Jetzt läuft das ja irgendwie über jadclipse. Nur bekomm ich da immer folgende fehlermeldung:

Decompiled from: D:\program files\Java\jre1.6.0_07\lib\rt.jar
	Total time: 0 ms
	Jad reported messages/errors:
	Exit status: 0
	Caught exceptions:
java.io.IOException: Cannot run program "jad" (in directory "D:\Documents and Settings\MeinName\.net.sf.jadclipse\1224660696229"): CreateProcess error=2, Das System kann die angegebene Datei nicht finden

was muss ich tun???


----------



## gex (22. Okt 2008)

Hi

Doch doch, das kannst du noch.

Pro Projekt:
Gehe auf die Project -> Properties.
Navigiere zum Build-Path -> Tab Libraries.

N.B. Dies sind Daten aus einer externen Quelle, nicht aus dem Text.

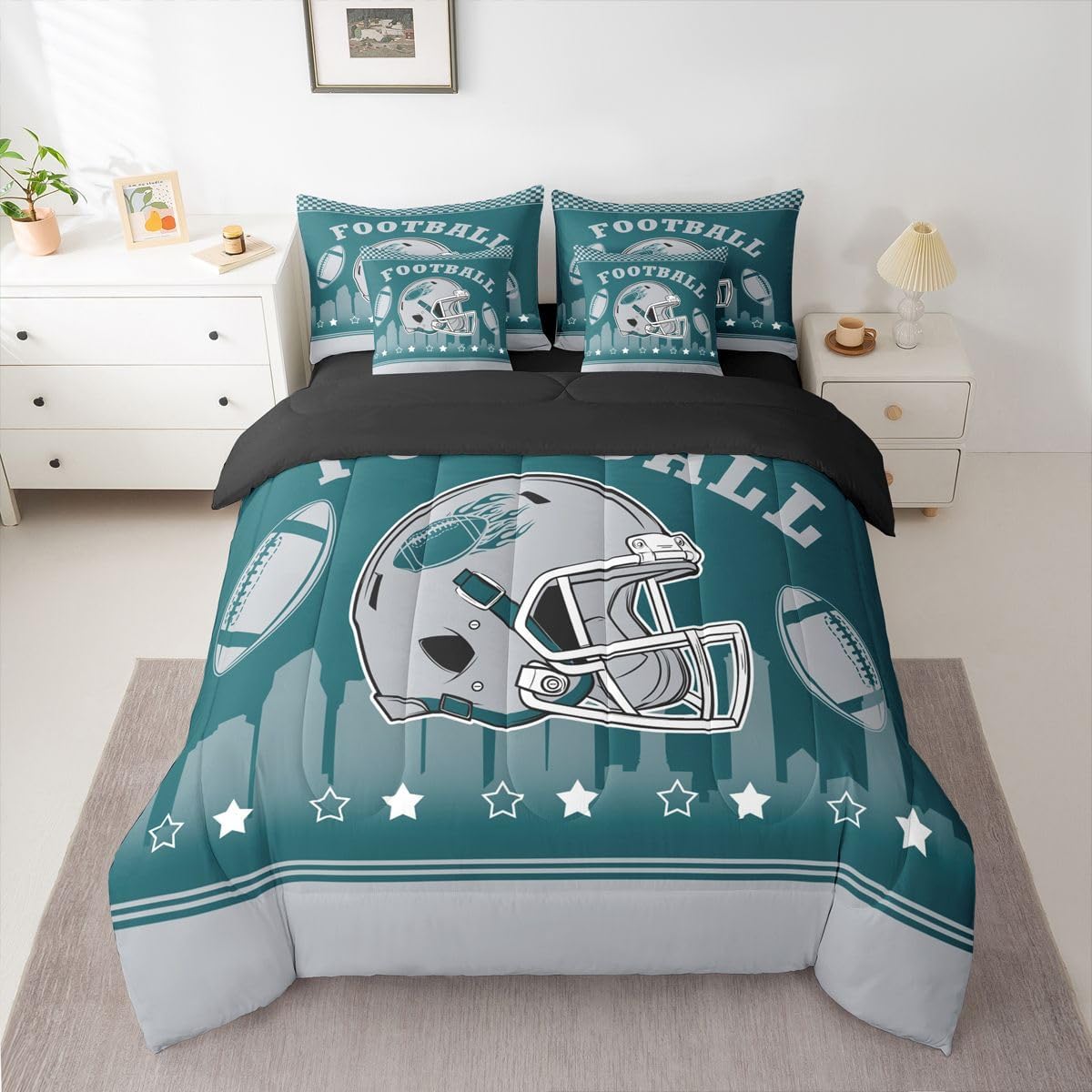 Erosebridal Sports Bedding Set Boys Football 7 Pcs Comforter Set Queen for Football Gifts,Sport Rugby Bed in A Bag with Flat and Fitted Sheet Yellow and Black Room Decor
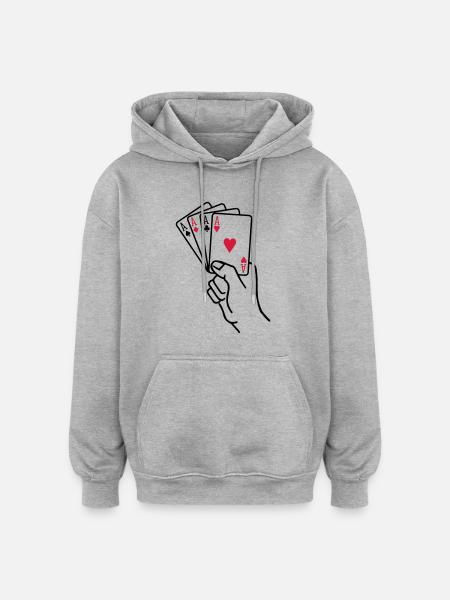 Poker - Oversized Unisex Hoodie - heather grey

Deine JRE resp. JDK erweitern.
Dann findest du bspw. den Eintrag rt.jar.
Erweitere den Eintrag.
Nun siehst du die Möglichkeit 'Source attachment' -> Edit -> src.zip angeben .

Oder pro Workspace:
Window -> Preferences.
Navigiere zu Java -> Installed JRE's -> Auswahl deiner Wahl  -> Edit

Rest wie oben.







BTW: Der andere Fehler hat halt was mit JAD zu tun, da findet das Plugin wahrscheinlich JAD nicht...


----------



## Foermchen82 (23. Okt 2008)

Hey danke. genau danach hab ich gesucht!!


----------